Sometimes we have to realize our favorite things from Japan, may it be manga, anime, MAD videos, doujinshi, or even video games are made by people, of flesh and blood. Until robots take over the world, the minds of men and women are the source of all that stuff. And those minds are influenced by the same things we are influenced in popular culture.
Viz's new prose imprint, Haikasoru, is bringing over to America translated science fiction books that show their relevance both to what we are familiar with from Japanese pop culture, but also the great science fiction pioneers of the west. These books, while read like light novels in length, are somewhat more serious and provides more substance within its 200-or-so pages.
All You Need Is Kill is one of the first two novels (this being the other) published under that imprint, and it's quite the ride. Written by Yokuwakaru Gendai Mahou's Hiroshi Sakurazaka, this particular piece technically is a light novel, but it's not like any light novel on the shelves right now in the States.
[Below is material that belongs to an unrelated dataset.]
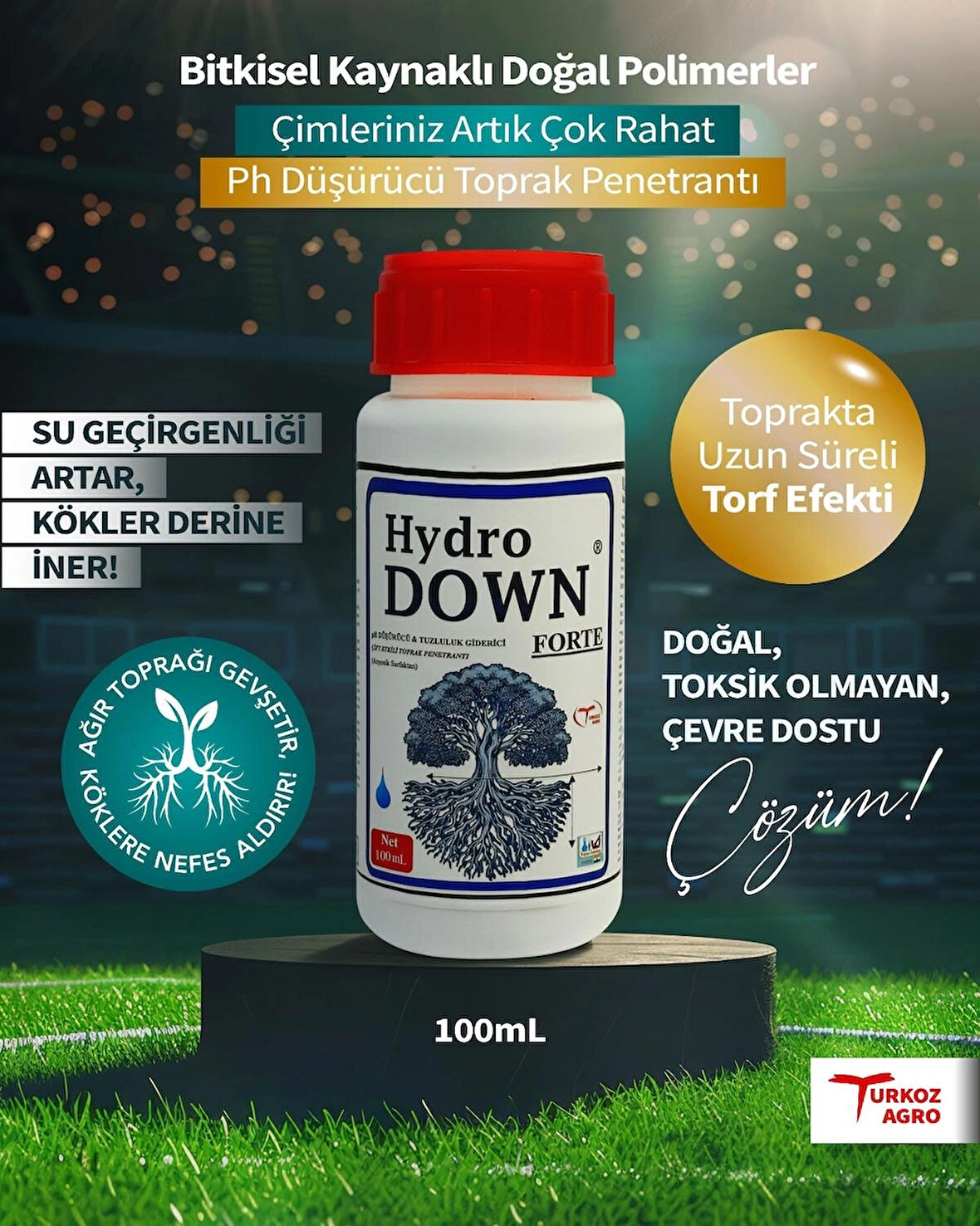 Hydro Down 100 ml Hobi kullanımı içindir (küçük boy) Toprağınızda Torf Efekti, Göllenmeye Son,çimleriniz Artık Çok Rahat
Why's that?
All You Need Is Kill
Kill is a story about the not-so-distant future. Humanity is engrossed in a war with an unfamiliar alien threat. The protagonist, a cheeky but level-headed recruit Keiji Kirya, starts out as a total newbie and gradually learns his way around the entire truth of the situation, meanwhile dressed in some kind of robotic suit, wielding the usual sci-fi weaponry, and honing his killer instincts.
The catch is that Kiriya discovers everything through a repeated experience--he relives a period of 48 hours, each time ending with a not-quite metaphorical BAD END. There is no nice boat waiting for him, just the same alien menace trying (and successfully) destroying him in countless different ways. It is Groundhog Day meets Starship Troopers.
The characters that surround Kiriya remain largely static. However, not unlike trying to get 100% on a visual novel or a particular Zelda game, each death and reset bring the protagonist down a different path, that reveals to him new information about what is going in the world that a previous trip down the same routine would not have given him.
Sakurazaka's writing in Kill is rather fast paced and to the point, making these 200-some pages to an even faster read. The story is engaging enough, too, that you'll appreciate being able to complete it in a handful of hours. Besides the usual grotesque alien biology and uncultured military life as generally described by like, uncultured words, there's not much that could be objectionable.
Like many light novels, Kill is particular in how it reconstructs its scenes and concepts using ideas we might already be familiar with; tropes. Instead of laboring over detailed description of Kill's technology and dwelling on the eccentric minor characters, Sakurazaka evoke these tropes most of us are familiar with, and focuses the exposition more so on what is going on. Perhaps that attributes to the novel's economy of words, but it manages to make reading about the same routines rather interesting and well-paced. At the same time, the dialog and characterization are direct and pointed, focusing on what is happening; the story is a well-wrapped puzzle, and it takes full advantage of that nonlinear narrative.
If you're into action anime and want something a little less juvenile to read, that doesn't take place in a school, this may well be it. At the same time, titles like this makes Haikasoru a promising concept, if it could continue to deliver novels that may satisfy a more typical sci-fi readership beyond those who only browse the manga section of your local bookstores. It's no coincidence that in the typical big-box bookstore, you can only find All You Need Is Kill in the sci-fi/fantasy section.